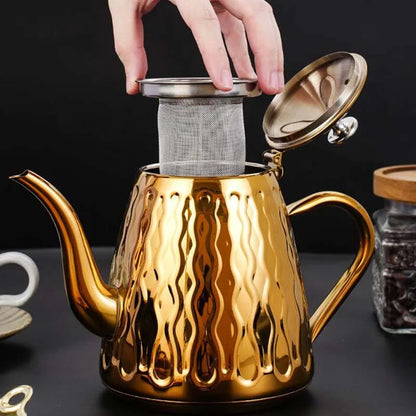 Théière Amina – Théière marocaine en acier inoxydable doré ou argenté (1 L)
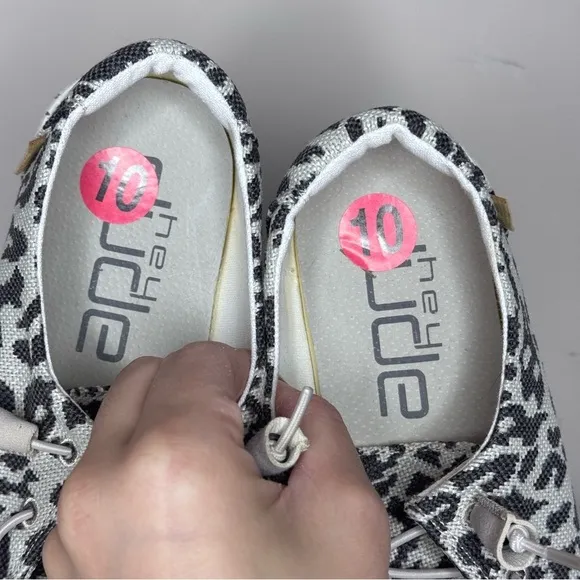 NEW Hey Dude Wendy Woven Cheetah Print Canvas Shoes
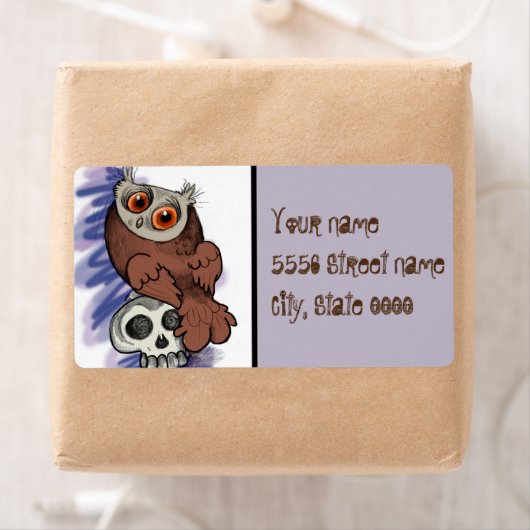 Happy Halloween! Scardy Owl Skull Etiket (Insitu)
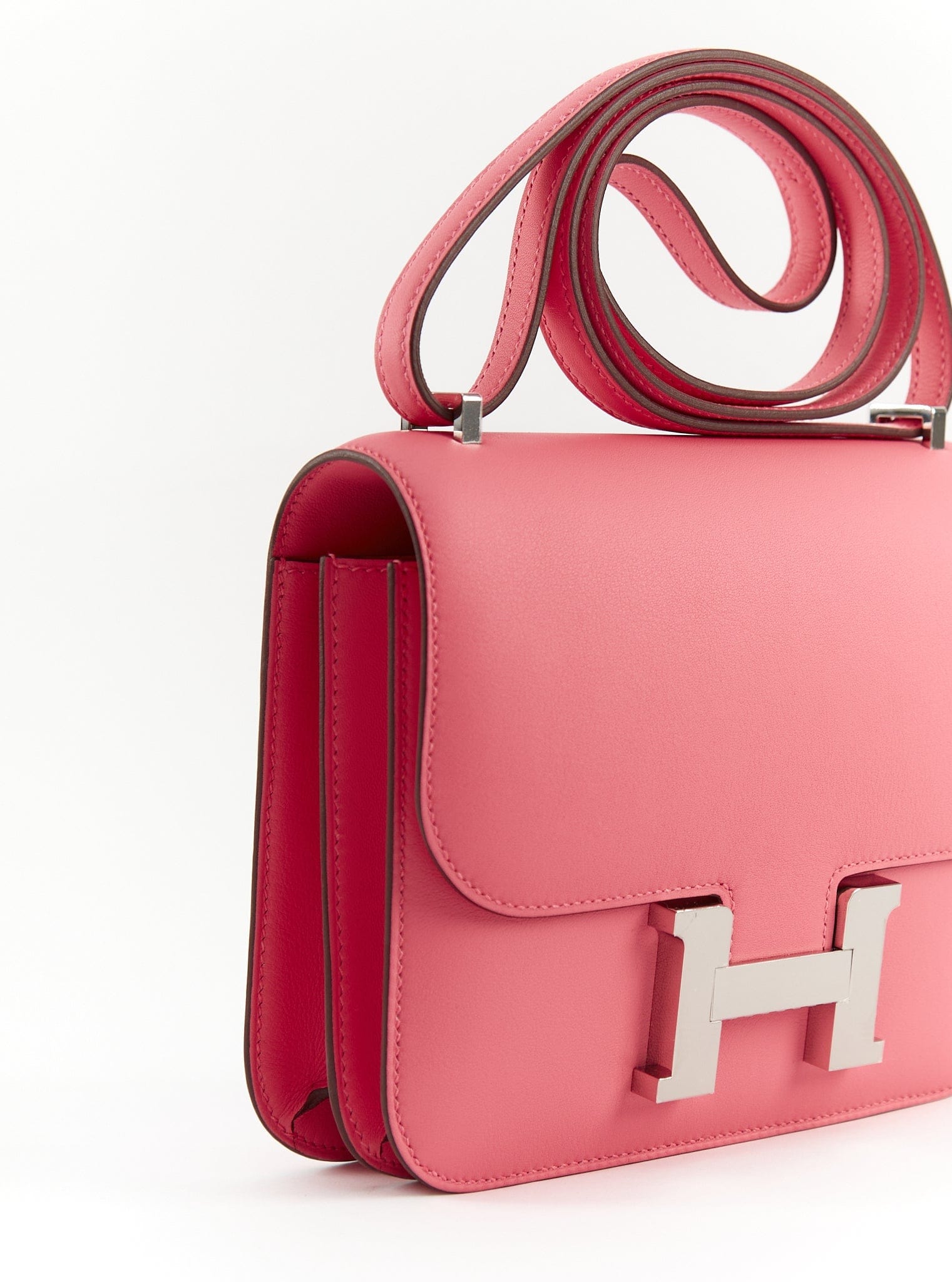 Hermès HERMÈS CONSTANCE 18CM ROSE AZALEE Swift Leather with Palladium Hardware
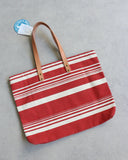 Hysteric Glamour Striped Leather Detailed Tote Bag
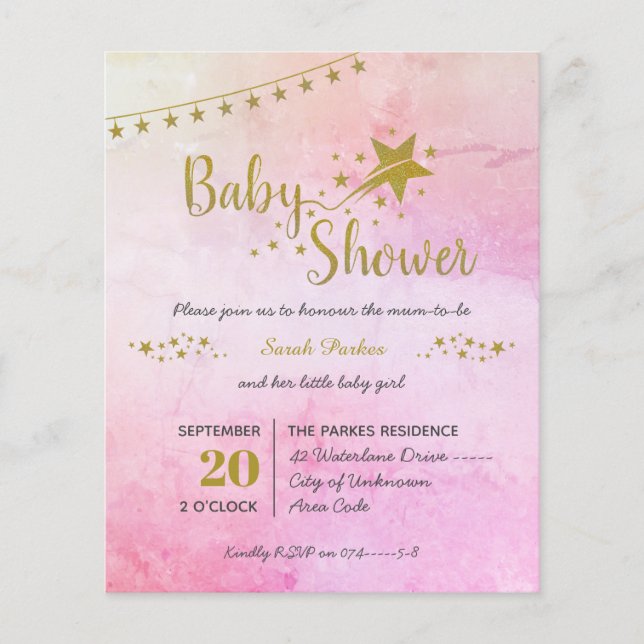 Papier Invitation Baby shower étoile rose vif (Devant)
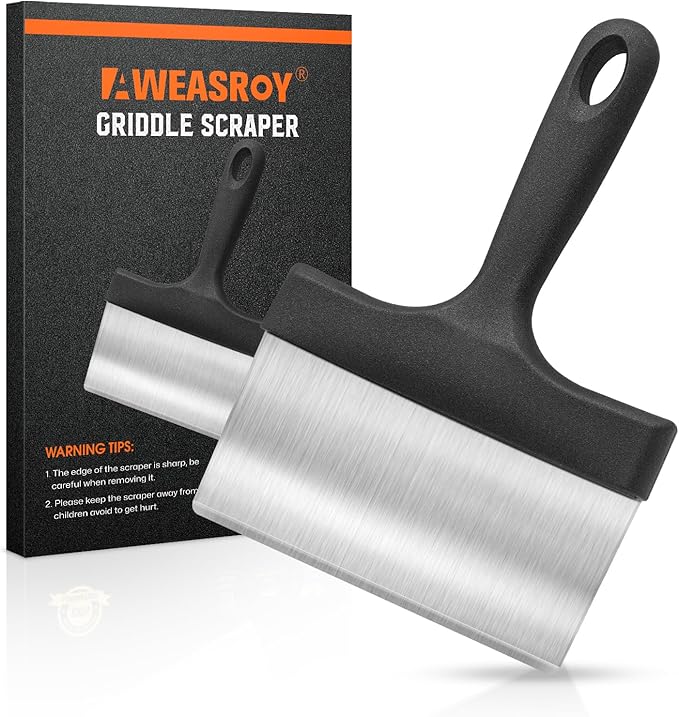 Heavy Duty Grill Scraper Stainless Steel Griddle Scraper with 5" Handle,Sturdy Food Scraper Tool Kitchen for Blackstone Grill Accessories,Outdoor Barbecue Turners Tools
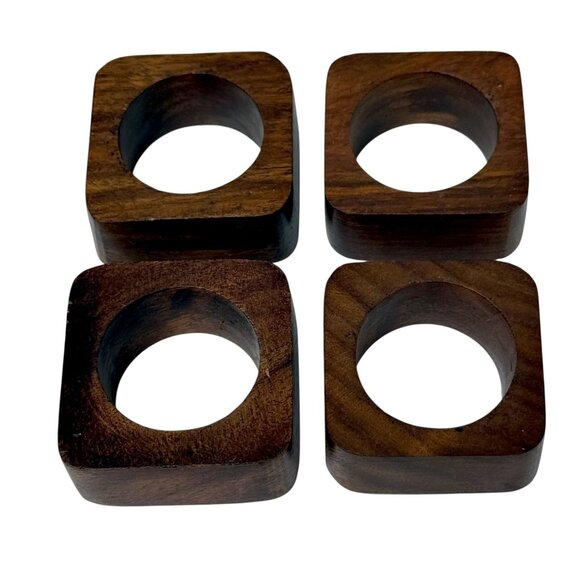 Wooden Napkin Rings Set of 4 MCM Modern Style Brown Wood - Picture 5 of 7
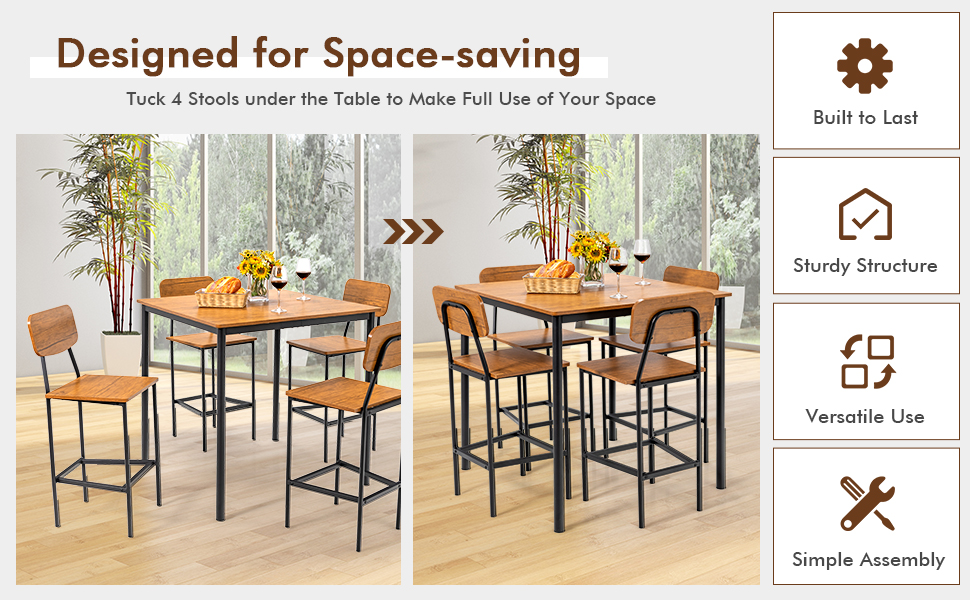 5-Piece Dining Table Set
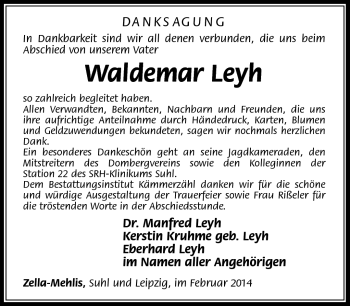 Traueranzeige von Waldemar Leyh von Südthüringer Presse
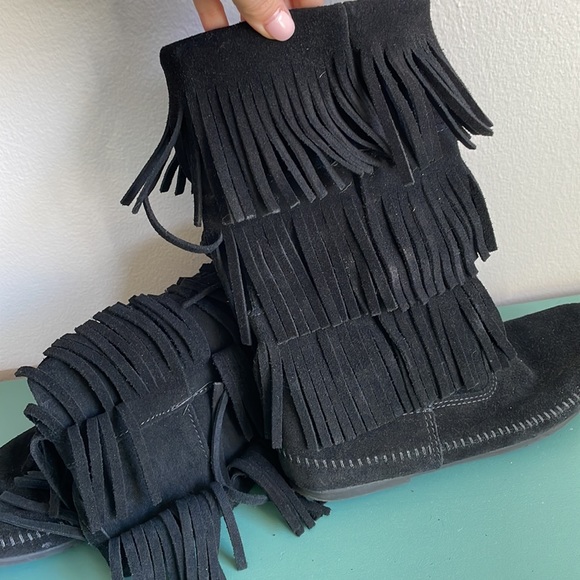 Minnetonka boots fringe suede leather - Picture 3 of 5
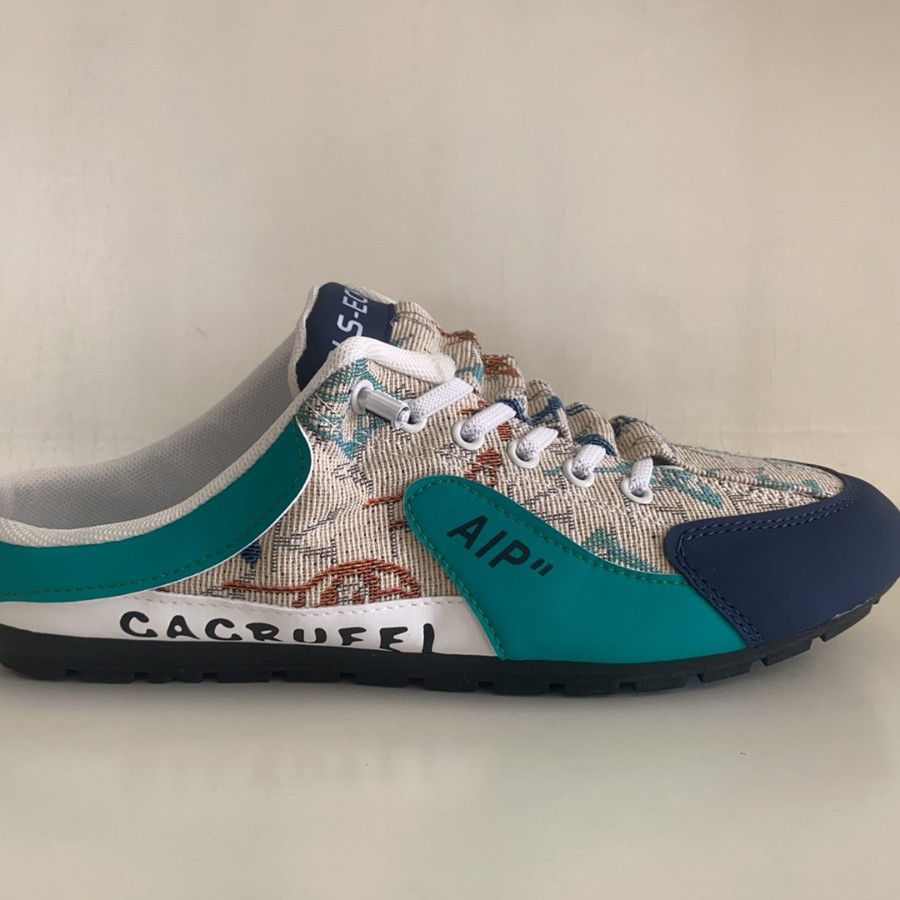 Baotou half support shoes men 2025 cross-border explosive cloth breathable heelless outdoor casual shoes a slip-on lazy shoes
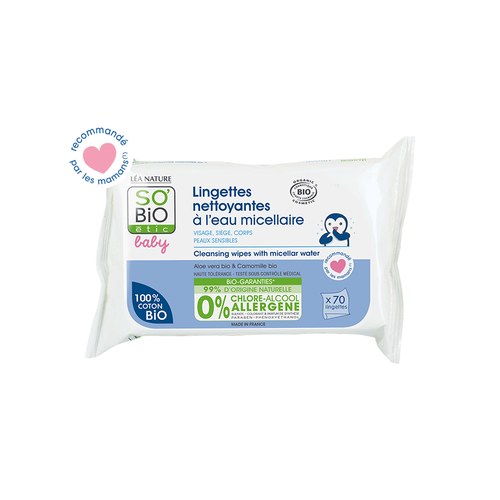 SO BIO Baby LINGETTES NETTOYANTES À L'EAU MICELLAIRE - 70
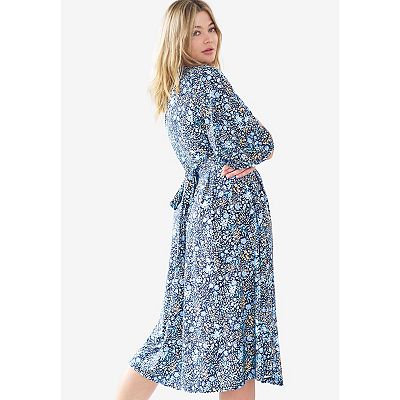 ellos Plus Size Surplice Tie Back Midi Dress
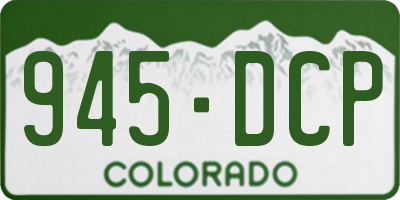 CO license plate 945DCP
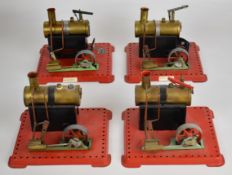 Four Mamod SE1 or SE2 live steam stationary engines with reversing single oscillating cylinders
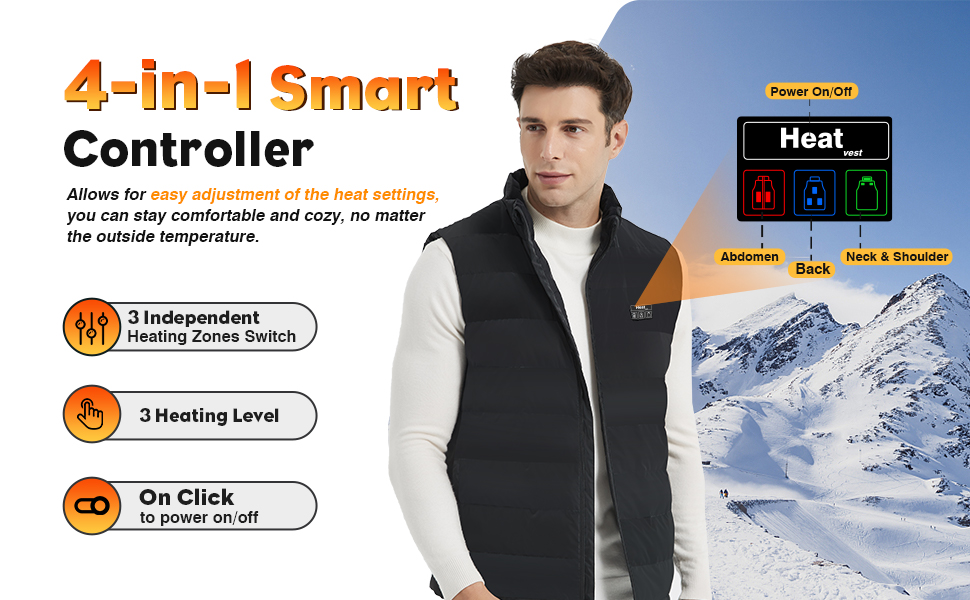 Жилет гріючий чоловічий з акумулятором 10000mAh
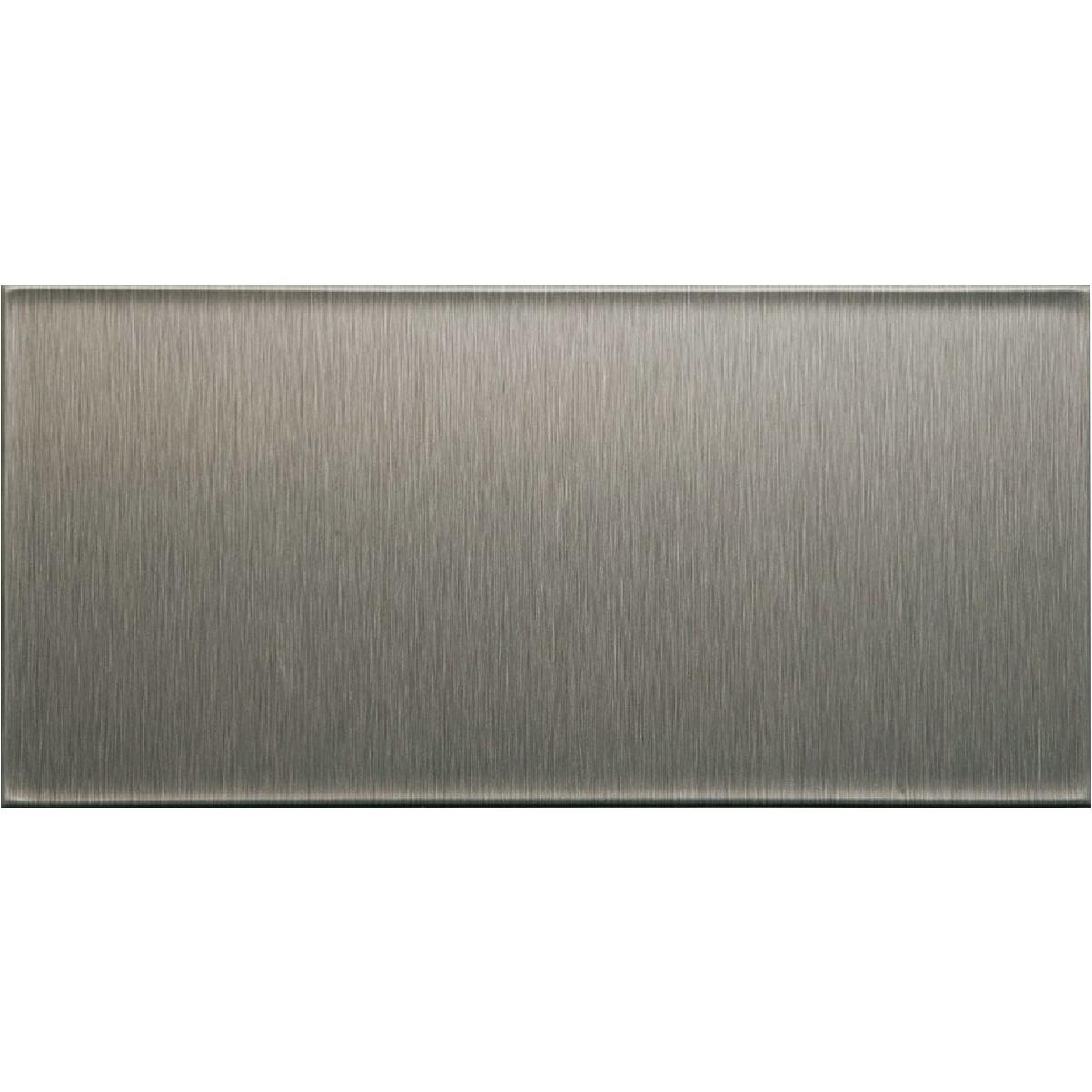 Aspect 3 In. x 6 In. Aluminum Backsplash Peel & Stick, Short Grain Stainless (8-Pack)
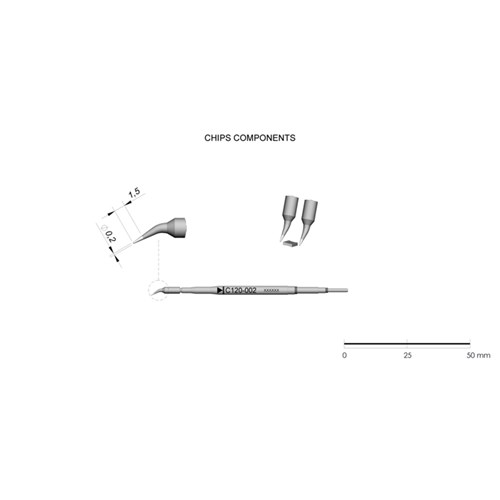 JBC Tools C120-002 - C120 Series Cartridge - Micro-Tweezer - Curved - 0.2 mm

---

The line that contains "Four Mamod SE1" begins the part to retype, and the last line of the records above ends it. Retype both and everything between, exactly, without the pictures.

# Solution for this exercise
 Four Mamod SE1 or SE2 live steam stationary engines with reversing single oscillating cylinders
 Жилет гріючий чоловічий з акумулятором 10000mAh
 Aspect 3 In. x 6 In. Aluminum Backsplash Peel & Stick, Short Grain Stainless (8-Pack)
 JBC Tools C120-002 - C120 Series Cartridge - Micro-Tweezer - Curved - 0.2 mm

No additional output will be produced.